Musyrif Diny: Ukuran Haji Mabrur Itu Terlihat dari Perubahan Perilaku Sosial Keseharian
Sadam Al Ghifari
Penulis
Muhammad Fakhruddin
Editor
Makkah, MUI Digital-Keberhasilan ibadah haji seseorang tidak hanya diukur dari tuntasnya ritual fisik di Tanah Suci, melainkan dari dampak nyata pada relasi sosial sekembalinya ke Tanah Air.
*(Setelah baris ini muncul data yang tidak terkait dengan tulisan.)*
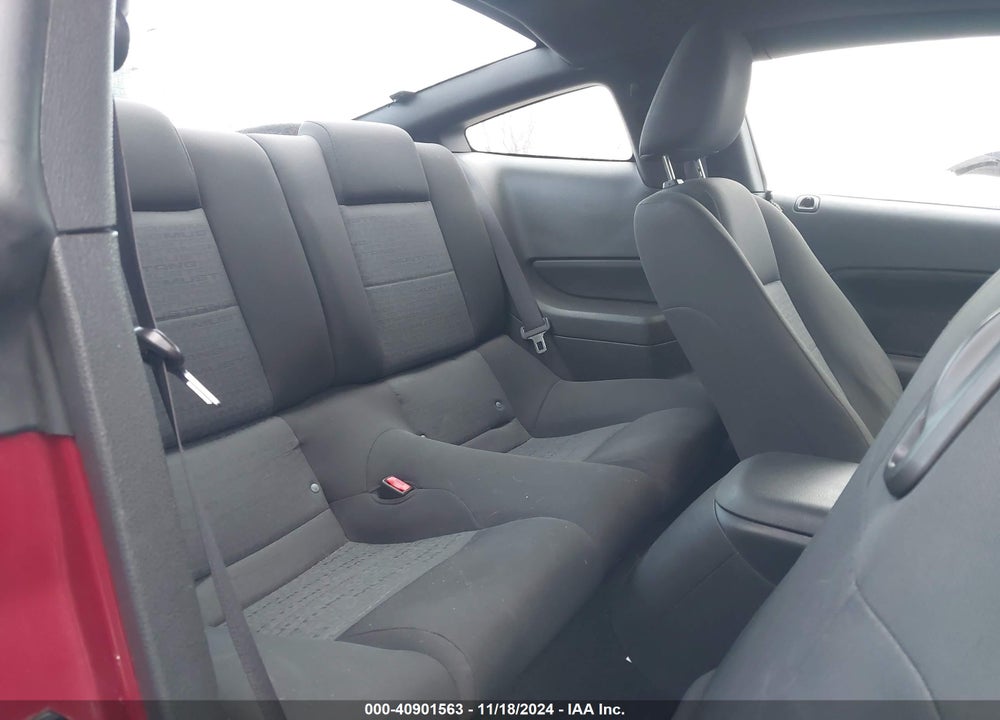 2007 FORD MUSTANG V6 DELUXE/V6 PREMIUM VIN: 1ZVHT80N275212848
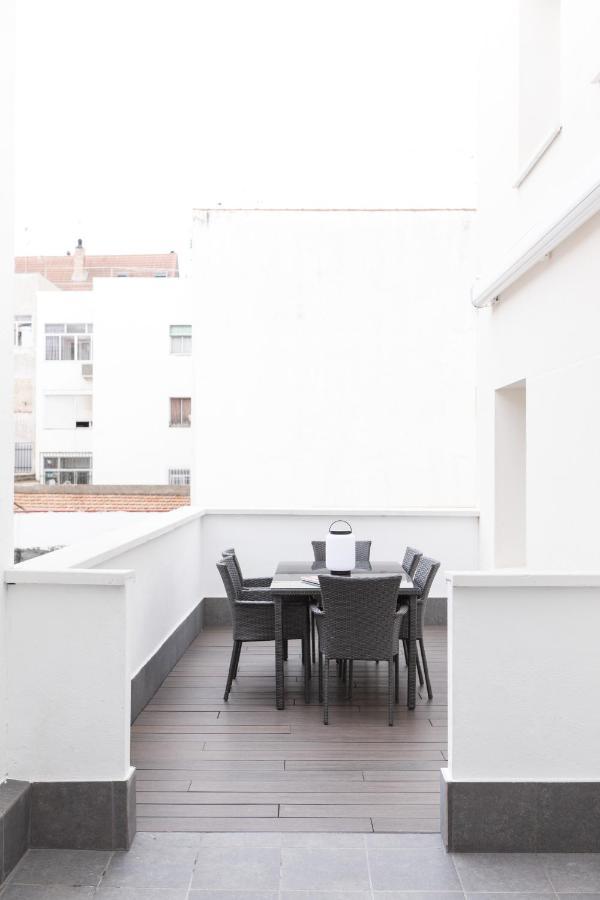 Apartamentos Las Torres Madrid Kültér fotó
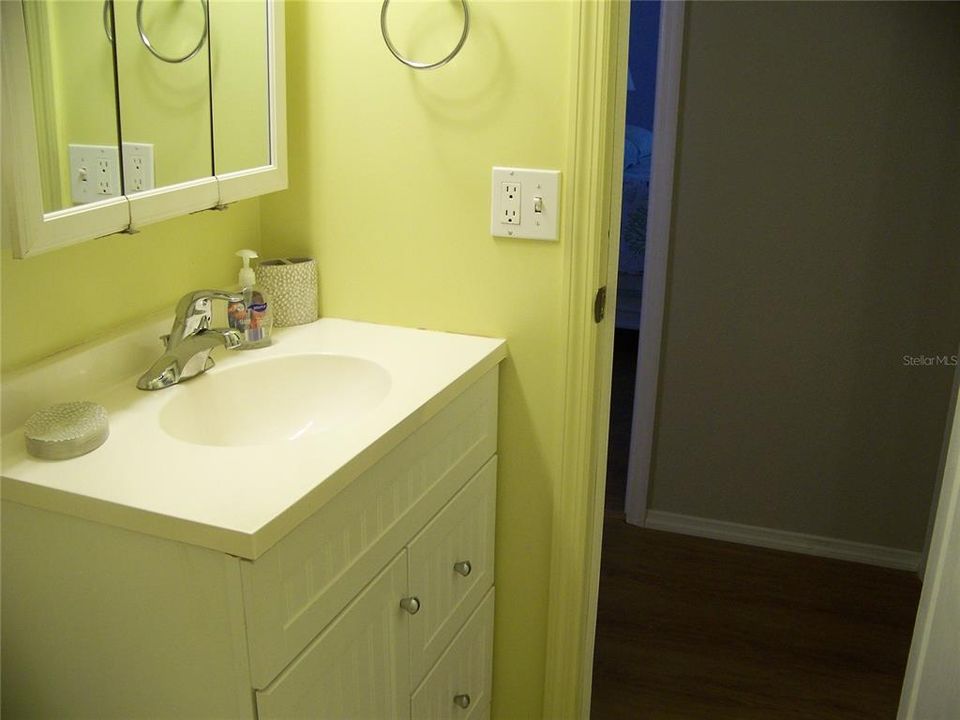 En Venta: $145,000 (2 camas, 1 baños, 998 Pies cuadrados)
Indikator kemabruran tersebut justru lebih mudah dinilai oleh orang-orang di sekitar dalam kehidupan sehari-hari.
Hal itu disampaikan Musyrif Diny, Prof KH Asrorun Niam Sholeh, dalam keterangannya kepada MUI Digital, Rabu (3/6/2026).
Ketua MUI Bidang Fatwa ini menjelaskan bahwa ibadah haji yang mabrur merupakan ibadah yang jaminan balasannya adalah surga.
Baca juga: Masjidil Haram Jadi Saksi Peringatan Setengah Abad Prof Niam: Istiqamah, Doa, dan Menebar Manfaat
Meskipun ganjaran tersebut bersifat kualitatif dan menjadi rahasia Allah, tanda-tandanya tetap dapat diukur dan dilihat secara kasat mata melalui perubahan perilaku (perubahan pra dan pascahaji).
“Yang lihat siapa? Ya yang lihat orang lain seiring dengan perubahan pra dengan pascanya,” kata Pengasuh Pondok Pesantren An-Nahdlah, Depok, Jawa Barat.
Ia mencontohkan, salah satu tanda yang paling sederhana adalah aspek konsistensi dalam beribadah. Seseorang yang sebelum berangkat haji cenderung malas, lalu berubah menjadi rajin dan mampu menjaga ritme ibadah tersebut secara konstan dan kontinu, menunjukkan sinyal kuat adanya kemabruran.
Baca juga: Musyrif Diny Prof Niam Apresiasi Skema Pergerakan Jamaah Haji Pasca-Arafah Demi Keselamatan
Lebih lanjut, Guru Besar Ilmu Fikih UIN Jakarta ini mengungkapkan dua aspek utama kemabruran bagi jamaah haji. Pertama, komitmen meninggalkan keburukan dengan adanya tekad kuat dari jemaah untuk menyudahi kebiasaan-kebiasaan buruk yang sering dilakukan sebelum berhaji, lalu menggantinya dengan tradisi kebaikan.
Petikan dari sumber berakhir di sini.